サイレンを鳴らしてないパトカーは普通のクルマと同じ
SNSなどを見てみると、パトカーなどが前方にいる場合のライダーやドライバーの対応には、
「法定速度で走っているけど、追い越したら捕まりそうだから抜かない」
「高速道路で後ろについたけど、誰も抜かないので後方が渋滞している」
など、ゆっくり走っていてもパトカーに遠慮してしまい、後をそのまま走り続ける人も多いようだ。
また、「抜いてしまうと捕まるのでは?」といった心配をし、緊張してしまうような話もよく耳にする。
では、実際に、前を走っているパトカーを追い越すことは、違反になるのだろうか?
最初に結論をいえば、パトカーなどの警察車両も、赤灯やサイレンを鳴らしていないときは一般の車両と同じ。つまり、追い越しても特に問題はないのだ。

追い越し時はスピードに注意
ただし、追い越す場合にはいくつか注意点もある。まず、1つめは、スピードを出し過ぎないことだ。
たとえば、パトカーなどが、道路の制限速度ギリギリを走っているような時。そんな状況で、追い越すためにスピードを出し過ぎて制限速度を超えてしまうと、速度違反となってしまう。
道路交通法第22条には
「車両は、道路標識等によりその最高速度が指定されている道路においてはその最高速度を、その他の道路においては政令で定める最高速度をこえる速度で進行してはならない」
と決められている。つまり、法律上、制限速度を1km/hでも超えると、スピード違反となるのだ。
ただし、バイクやクルマのスピードメーターは、実際の速度と誤差があり、本来のスピードの+10km/h程度で表示される場合もある。
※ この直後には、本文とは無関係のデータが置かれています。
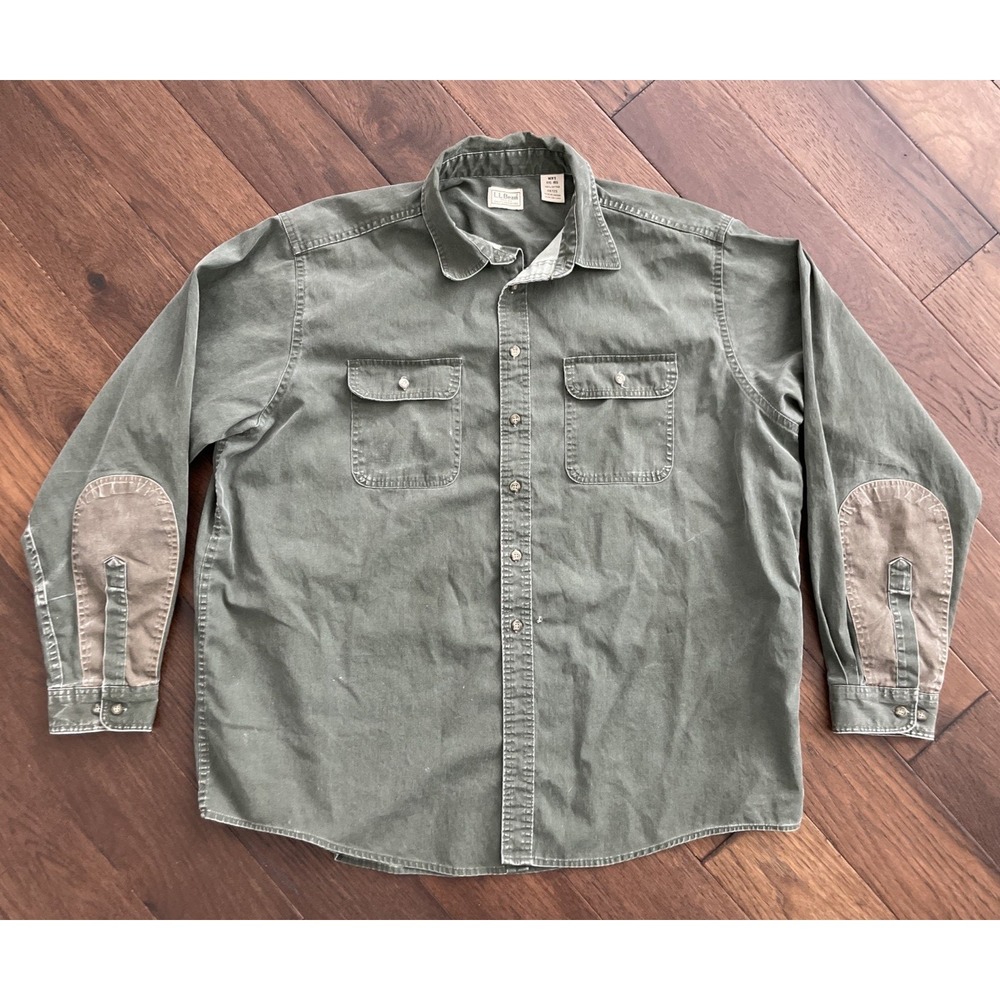 VTG Y2K LL Bean Duck Canvas HUnting Shirt Elbow Pads Tan Green Size XXL Tall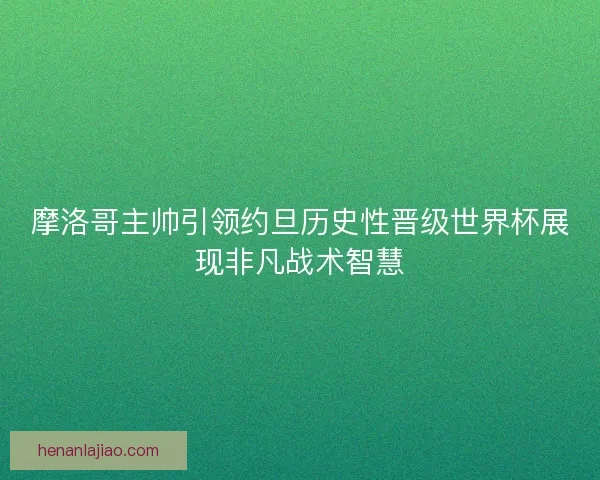 摩洛哥主帅引领约旦历史性晋级世界杯展现非凡战术智慧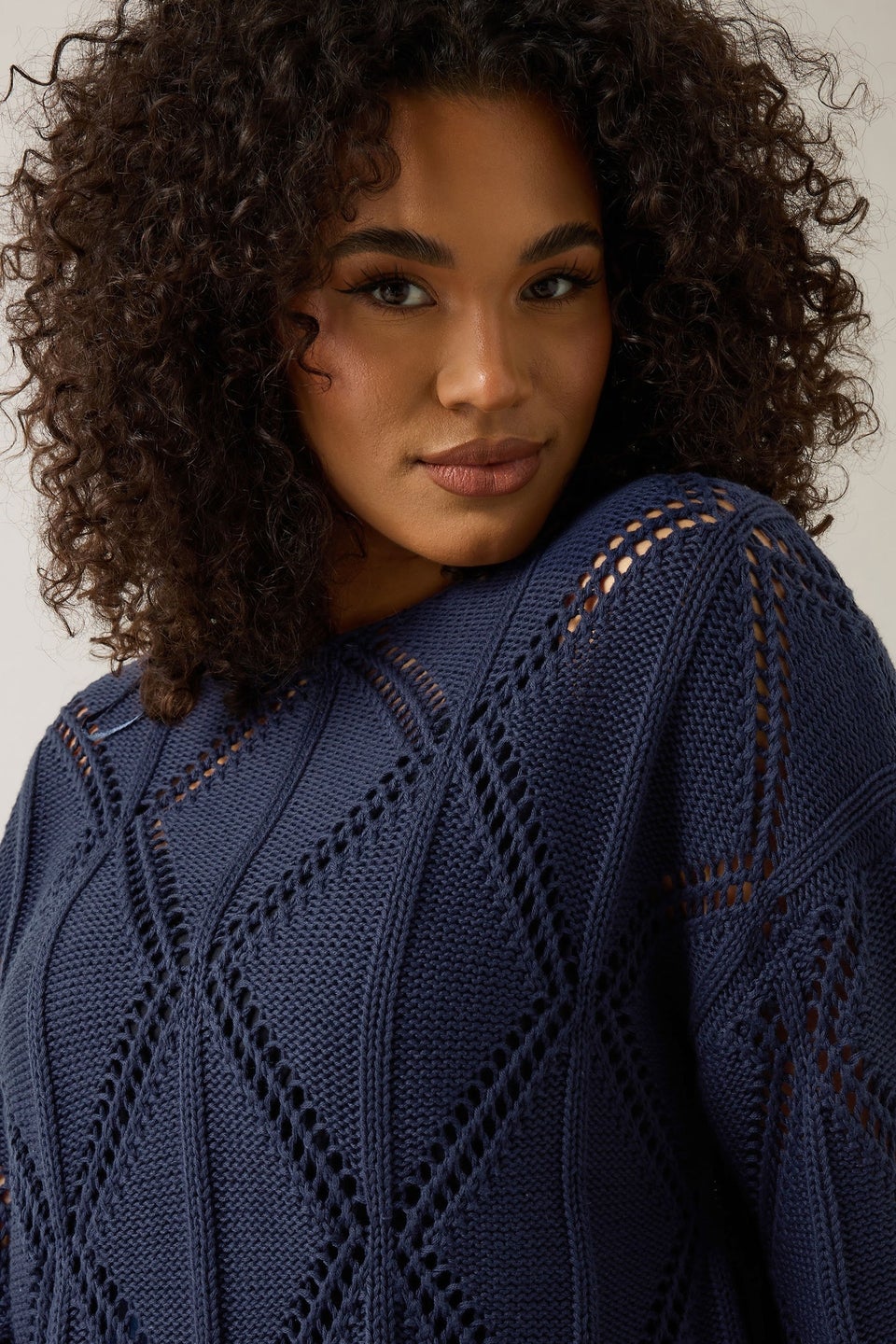 Evans Curve Navy Blue Diamond Pointelle Jumper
そのため、メーター上で制限速度を超えたからといって、すぐに検挙されないことも考えられる。
だが、だからといって、「メーター読みで(制限速度の)+10km/hまでなら捕まらない」とは言い切れないのも事実。もし、スピード違反で捕まれば、反則金や違反点数を引かれるだけに、リスクを背負ってまで抜かない方がいいといえる。
そう考えると、走行中のスピードは、あくまでメーターの表示速度を基本と考え、十分に確認し、制限速度以内で追い抜けるのであれば抜く、といったスタンスでいいのではないだろうか。

高速道路で右車線を走り続けるのもNG
また、高速道路などでパトカーを追い越した後に、右側の追い越し車線をずっと走り続けることも御法度だ。追い抜いた後は、左側の走行車線に車線変更しないと、「通行帯違反」に問われることがある。
ちなみに、高速道路での違反取締件数では、最高速度違反に次いで2番目に多い取締対象が通行帯違反だといわれている。
たとえば、内閣府が公開している「令和7年版交通安全白書」によると、2024年に高速道路において違反行為で検挙された件数のトップ3は以下の通り。
1位:最高速度違反 25万9683件
2位:車両通行帯違反 4万4197件
3位:車間距離不保持 4713件
1位の最高速度違反がダントツではあるが、通行帯違反もほかの違反と比べるとかなりの件数だ。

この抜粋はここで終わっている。